There are a lot of benefits of data scalability. The size and the variety of data that enterprises have to deal with have become more complex and larger.
Traditional relational databases provide certain benefits, but they are not suitable to handle big and various data. That is when data lake products started gaining popularity, and since then, more companies introduced lake solutions as part of their data infrastructure. As the demand for the data solutions increased, cloud companies like AWS also jumped in and began providing managed data lake solutions with AWS Athena and S3. These services have powerful and convenient features. However, they are not perfect for all users and use cases. In this article, we will discuss shortcomings of indexing in Athena and S3 and how we can deal with them.
AWS Athena and S3
AWS Athena and S3 are separate services. AWS Athena is a query service that allows users to analyze data in S3 using standard SQL syntax. Athena is serverless and managed by AWS. Athena and other AWS serverless services have a similar pricing structure – it lets you pay only for what you use. S3 is one of the first-generation services of AWS. You can store different types of files and use them like cloud storage. Both combined, you use SQL to query what’s stored in S3.
Limits of Athena
Although Athena has great features and provides cost benefits, as you use it, you will find some limitations of Athena.

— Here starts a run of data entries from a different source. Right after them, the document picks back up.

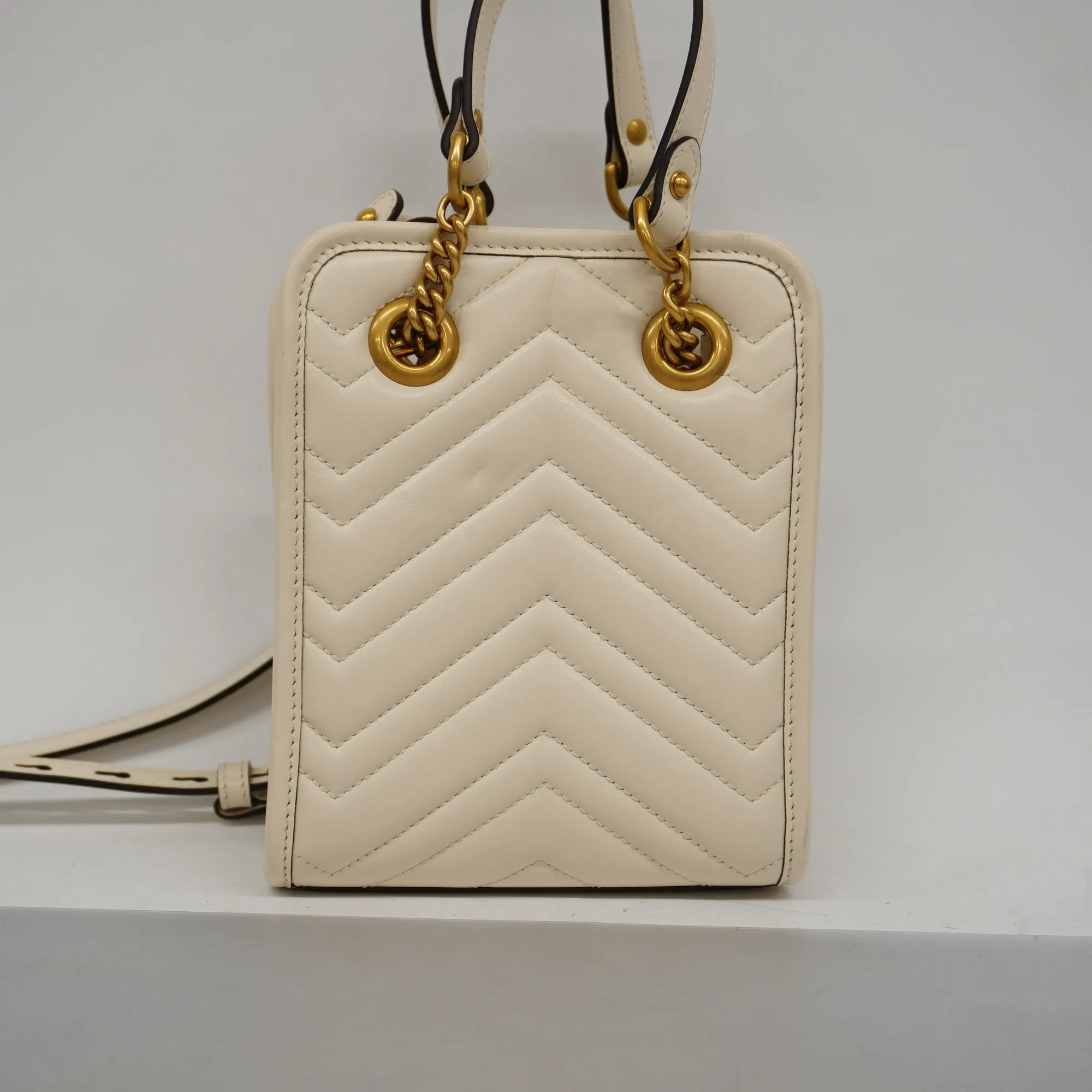 GUCCIAuth  GG Marmont 2WAY Bag 696123 Women's Leather Handbag,Shoulder Bag Ivory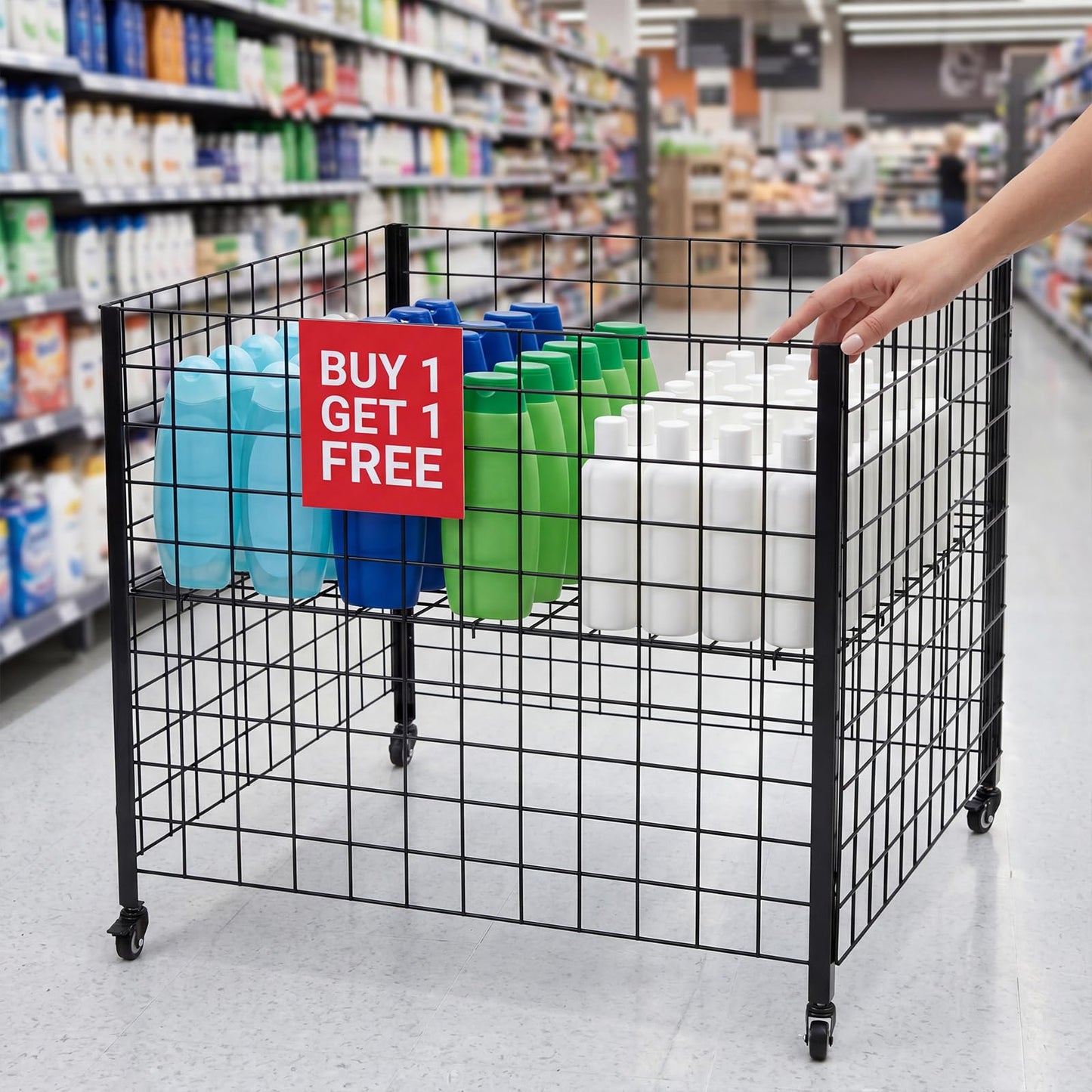 Leinuosen Heavy Duty Metal Rolling Dump Bin with Adjustable Internal Shelf and Locking Casters, Retail Display Storage Basket for Store Warehouse Donation Inventory Organization(36 x 36 x 30 Inches)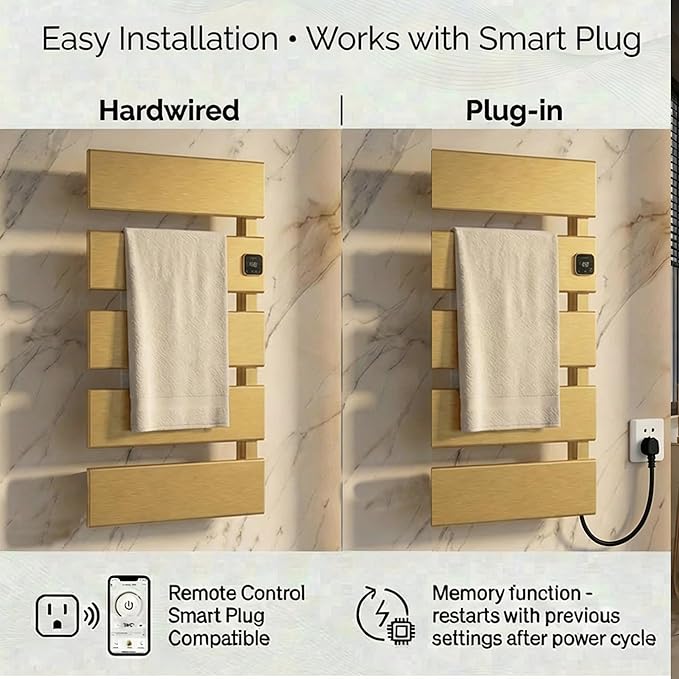 Electric Towel Warmer, Heated Towel Rack with Thermo Control and Timer, Fast Heating Towel Rail for Bathroom with Memroy Function, Work with Smart Plug, Right-Wiring, 5 Panel, Gold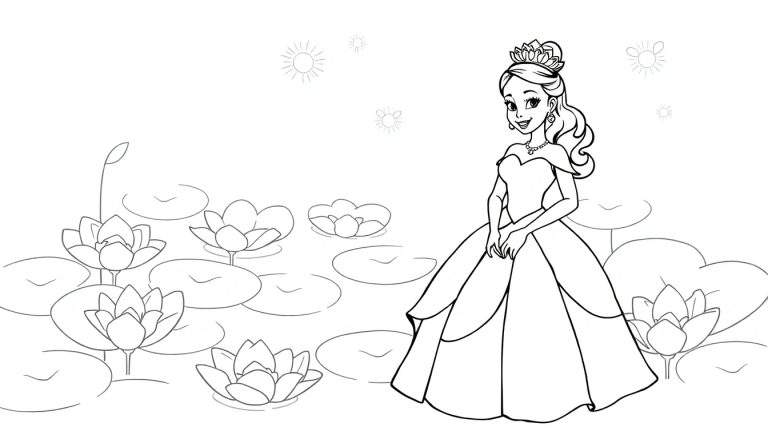 Placa de color de la Princesa Tiana con vestido de gala junto a un estanque de nenúfares.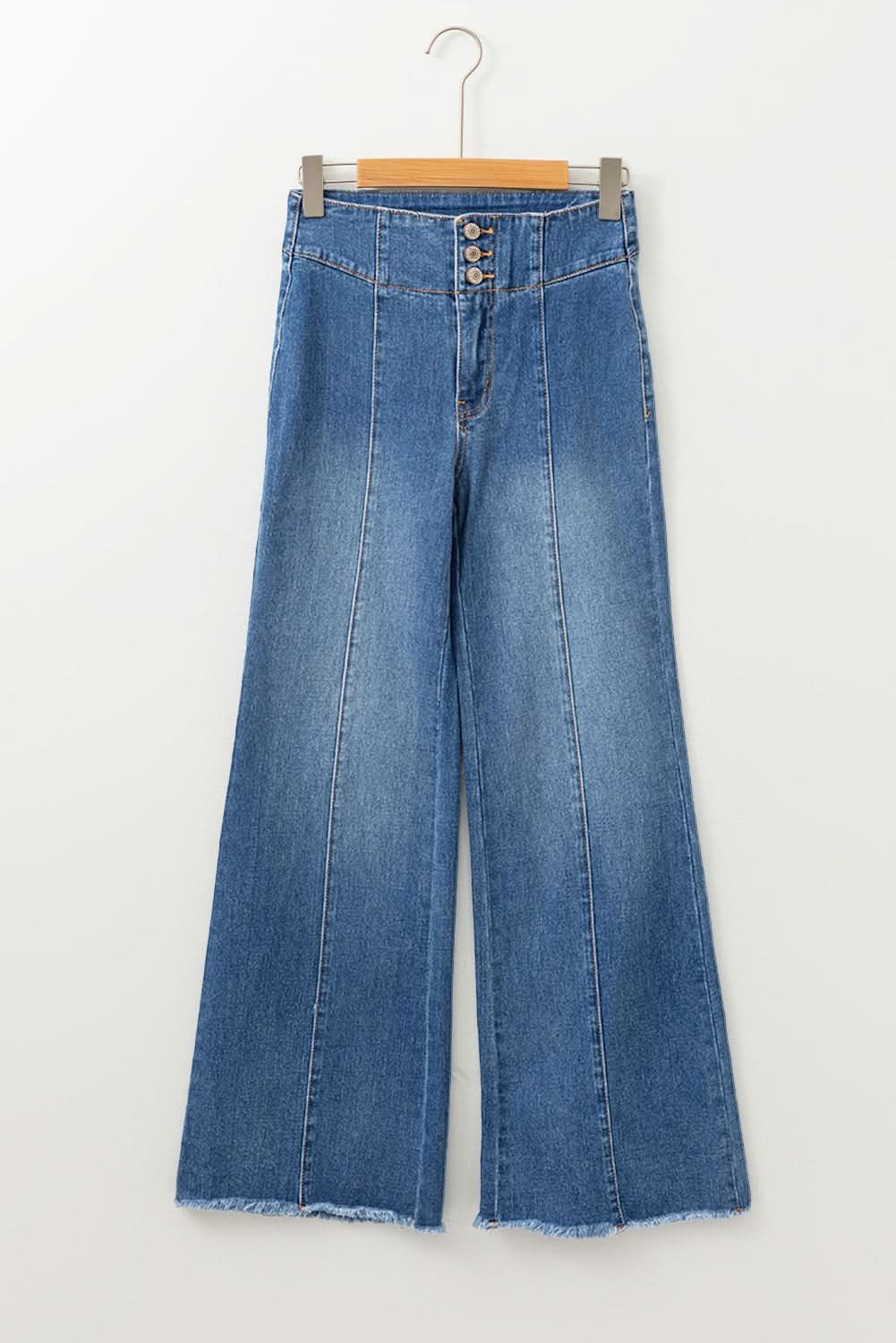Sail Blue High Waist Jeans With Button Fly And Raw Hem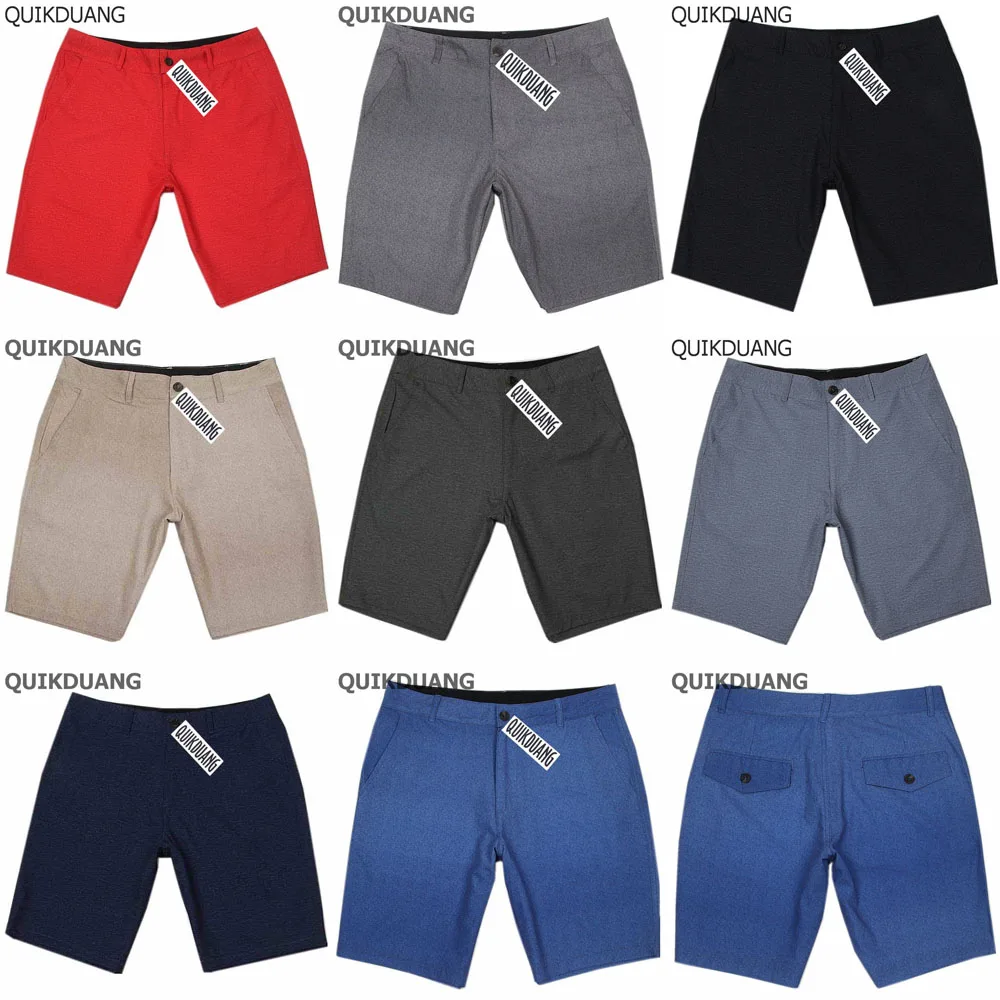 Casual Shorts Stretch Elastane Bermudas Mens Fashion Blue Spandex Beach SZ30-38 4way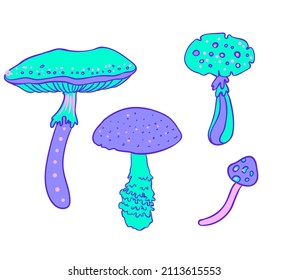 Los hongos mágicos. Alucinación psicodélica. Ilustración vectorial vibrante. Arte hippie colorido de los años 60 en tonos godos rosa pastel aislado en blanco. Pegatina, parche, diseño gráfico de afiches.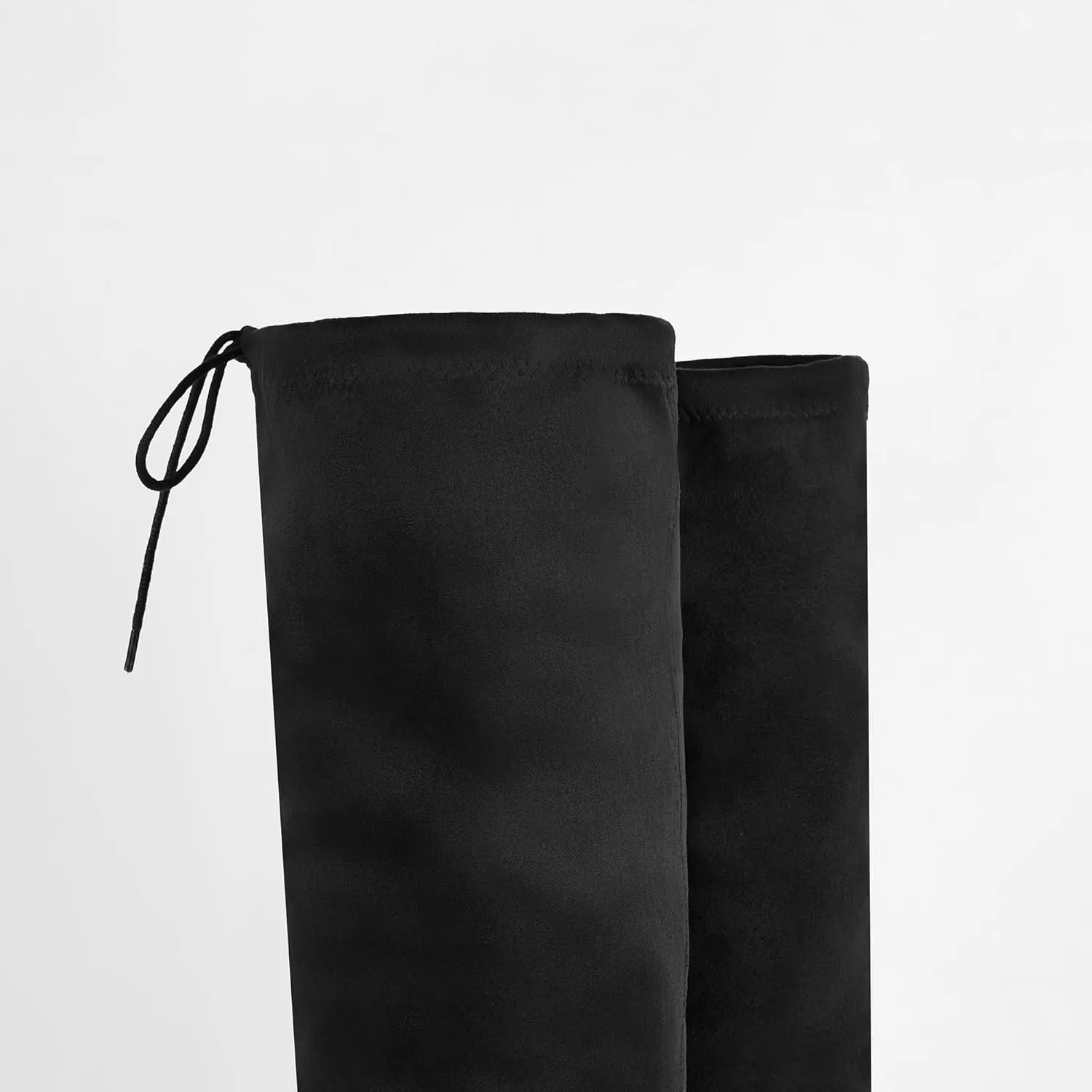 Women's Thigh High Block Stiletto Heel Over The Knee Boots, Faux Suede Elasticity, Long Black Boots, Round Toe&Pointed Toe, Side Zip Sexy Boots for Winter Fall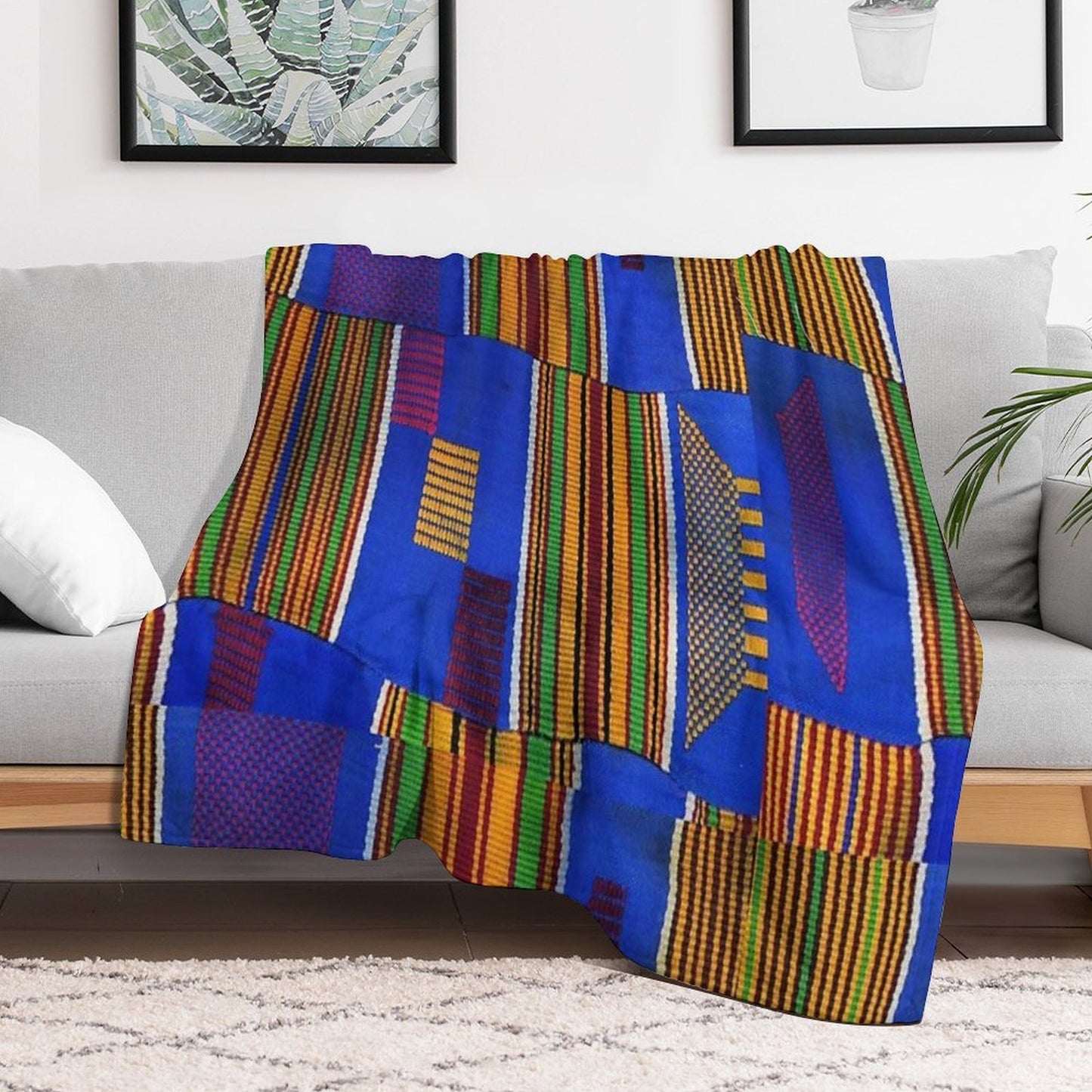 Kente Cloth Ghana West African Print Wrinkle-free Throw Blanket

When you use Athena, the computation resources to run your queries are not something you can control. When you execute an Athena query, a request goes to the shared queue that comes from all Athena users in your region and AWS processes the requested query sequentially. This means when you execute a query in a busy time, you will have to wait longer to get your query processed and result back. Under this environment, you can not guarantee consistent performance, which can have a negative impact on service agreement with your customers.
In traditional relational database engines, users can plan indexing to improve performance. However, Athena does not use indexing by default. When you run a query, Athena goes to the targeted S3 bucket and starts opening each file until it meets the requests of your query. For example, when the data is located at the last file, your query will take longer than when you can find your data from the first scanned file. It might not make much difference when your data size is small. However, when your data is big, this makes a big difference. To mitigate this performance issue, AWS recommends partitioning.
You can improve query performance by partitioning your data. However, partitioning also has limits, and it is not easy to use. You have to carefully decide based on which column you want to partition. When you choose a wrong column, re-partitioning can make you move the entire data into a new bucket location, alter the table to refer to the new bucket location, and then delete the old data.
Because Athena uses the data storage that works like a file system, it does not allow you to update or delete at a row or a column level. Alternatively, you can run CTAS (Create Table AS) or INSERT INTO query. However, when you use them, you can only create up to 100 partitions in a destination table. That may sound large enough. Depending on what base column you use for partitioning, that limit can be reached unexpectedly fast.
How to improve indexing
When there is a problem, it becomes an opportunity. Since Athena is one of the most popular data lake query services, many users experience these problems and companies develop solutions to eliminate the inconvenience and performance issues. When it is hard to overcome shortcomings within AWS, people sometimes look outside to find a solution.
For the indexing and partitioning limitations of AWS, users could consider Varada’s big data indexing technology; it automatically indexes columns according to workload demands. Their indexing data breaks data, across any column, into nano blocks and then automatically selects the most efficient index for each nano-block considering data content and structure. In the back-end, their machine-learning optimization tools monitor cluster performance and data usage to detect bottlenecks and query performances. When it finds an optimization opportunity, it automatically applies improvements.
The result is a faster query result and optimized cost. This source shares performance comparisons across different metrics. One noticeable difference is the first experiment. The query was to find a specific ID and between specific time ranges as below.
... FROM demo_trips.trips_data WHERE rider_id = 3380311 AND t_hour between 7 AND 10
The result showed that Athena took 40.96 seconds and 132.0GB scanned while Varada took 0.57 and 245KB scanned.
The result tells you that depending on your partition, there can be a massive difference. In data engineering, besides partitioning, there are many areas to be taken care of. If engineers have to manage partitioning, it can slow down other important tasks. When you have data lake infrastructure in AWS, relying on a third party solution like Varada is something you can consider.